The Hindu Business Line : To make success of M&As — Focus on `people and culture' f... Page 1 of 4
Business Daily from THE HINDU group of publications
Wednesday, Jan 31, 2007
Opinion - Mergers & Acquisitions
Corporate - Insight
To make success of M&As — Focus on `people
and culture' factor
Mergers and acquisitions often fail because of the lack of
adequate focus on the "people and culture" factor. What can
companies do to manage this critical area better? This question
assumes critical importance at a time when Indian corporations
are making aggressive moves in the global M&A arena, says
In their book on takeovers, restructuring and corporate
governance, Weston, Mitchell and Mulherin list 20 potential
reasons for a merger to fail. These can be classified broadly into
Financial — too much money paid for the deal, overoptimistic
revenue projections, too much debt financing, too much hype in
the market, etc.
Business logic — unsound business case, synergies do not
materialise, industry problems, bad "fit" of merged businesses,
poor understanding of the acquired business, etc.

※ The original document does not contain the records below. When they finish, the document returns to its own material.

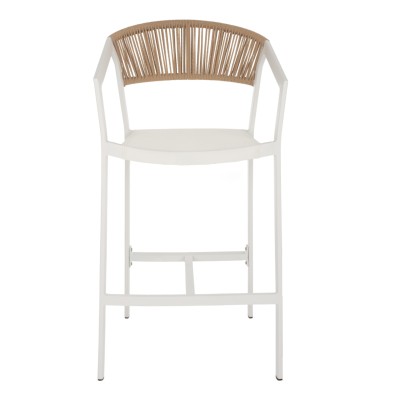 ΣΚΑΜΠΟ ART MAISON NAPERVILLE ΑΛΟΥΜΙΝΙΟΥ ΛΕΥΚΟ ΜΕ ΜΠΡΑΤΣΑ RATTAN & TEXTLINE 56x58x105Yεκ. ΣΚΑΜΠΟ ART MAISON NAPERVILLE ΑΛΟΥΜΙΝΙΟΥ ΛΕΥΚΟ ΜΕ ΜΠΡΑΤΣΑ RATTAN & TEXTLINE 56x58x105Yεκ.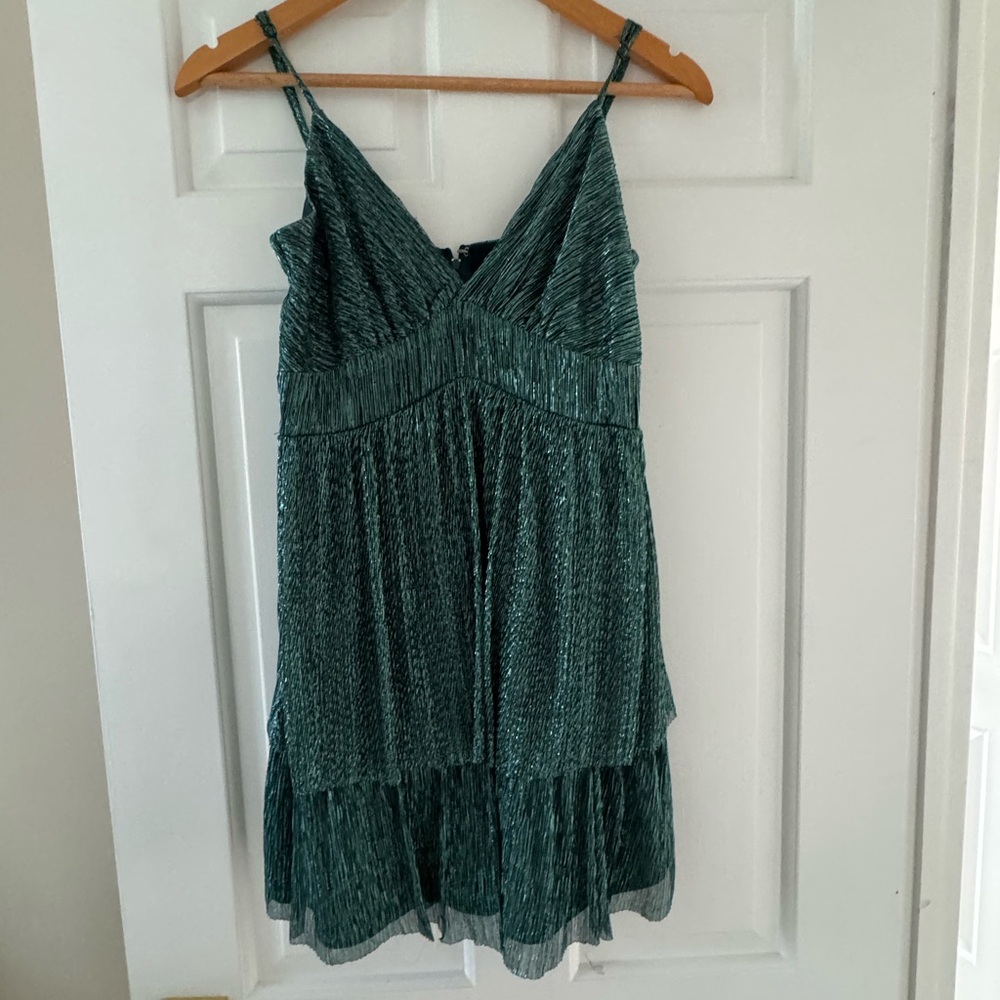 Trixxi Shimmering Teal Dress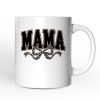 Coquette Leopard Mama Personalized Mug, Retro Bow Varsity Gift with Custom Name Coquette Leopard Mama Personalized Mug, Retro Bow Varsity Gift with Custom Name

Process — regulatory delays, slow decision-making, business
systems misfit, slow execution of the merger, etc.
People and culture — culture clashes, ambitious top
executives, basic incompatibilities, resentment and illwill,
ineffective integration, power struggles, etc.
In the due diligence and execution process that accompanies all
Mergers and Acquisitions (M&A) moves, the people and culture
factor is often underestimated. A potentially good deal then fails
to deliver the expected synergies, and the M&A fails.
In this article, we will look at "cultural due diligence"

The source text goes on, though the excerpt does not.